Ma non è solo la degradazione dell’olio a rappresentare un problema. Anche l’alimento stesso subisce delle modifiche durante la frittura. L’alta temperatura e il contatto con l’olio favoriscono la perdita di alcune vitamine termolabili, come la vitamina C e alcune vitamine del gruppo B, e l’assorbimento di una notevole quantità di grassi. Questo si traduce in un aumento del contenuto calorico dell’alimento e in una riduzione del suo valore nutrizionale. È un po’ come se l’alimento, durante la frittura, si “vestisse” di una corazza di grasso, diventando più pesante e meno nutriente.

E qui arriviamo al punto cruciale: l’interazione con il nostro fegato e il nostro microbiota. Il fegato, come abbiamo già visto parlando di alcol, è il nostro principale organo deputato alla detossificazione. Quando consumiamo alimenti fritti, il fegato si trova a dover gestire un surplus di grassi e di sostanze tossiche, sovraccaricandosi e rischiando di subire danni a lungo termine.
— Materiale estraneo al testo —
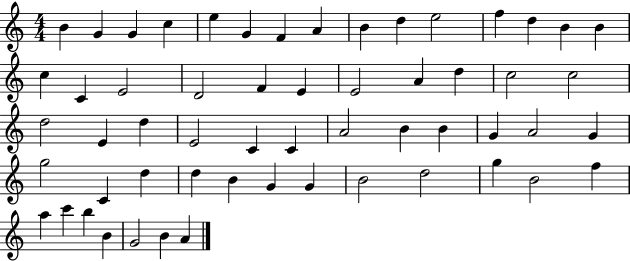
{
  \clef treble
  \numericTimeSignature
  \time 4/4
  \key c \major
  b'4 g'4 g'4 c''4 | e''4 g'4 f'4 a'4 | b'4 d''4 e''2 | f''4 d''4 b'4 b'4 | \break c''4 c'4 e'2 | d'2 f'4 e'4 | e'2 a'4 d''4 | c''2 c''2 | \break d''2 e'4 d''4 | e'2 c'4 c'4 | a'2 b'4 b'4 | g'4 a'2 g'4 | \break g''2 c'4 d''4 | d''4 b'4 g'4 g'4 | b'2 d''2 | g''4 b'2 f''4 | \break a''4 c'''4 b''4 b'4 | g'2 b'4 a'4 | \bar "|."
}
Inoltre, l’eccessivo consumo di grassi, soprattutto se di scarsa qualità, può alterare la composizione e la funzionalità del nostro microbiota intestinale, favorendo la disbiosi e l’infiammazione cronica. Immaginate il nostro fegato come un efficiente impianto di depurazione: se gli riversiamo dentro troppi rifiuti tossici, l’impianto rischia di andare in tilt.

L’abuso continuativo e sregolato di frittura è quindi un vero e proprio attentato alla nostra salute. Aumenta il rischio di obesità, malattie cardiovascolari, malattie del fegato, disturbi digestivi e infiammazione cronica. È come se la frittura, a forza di “friggere” i nostri organi, finisse per comprometterne il corretto funzionamento.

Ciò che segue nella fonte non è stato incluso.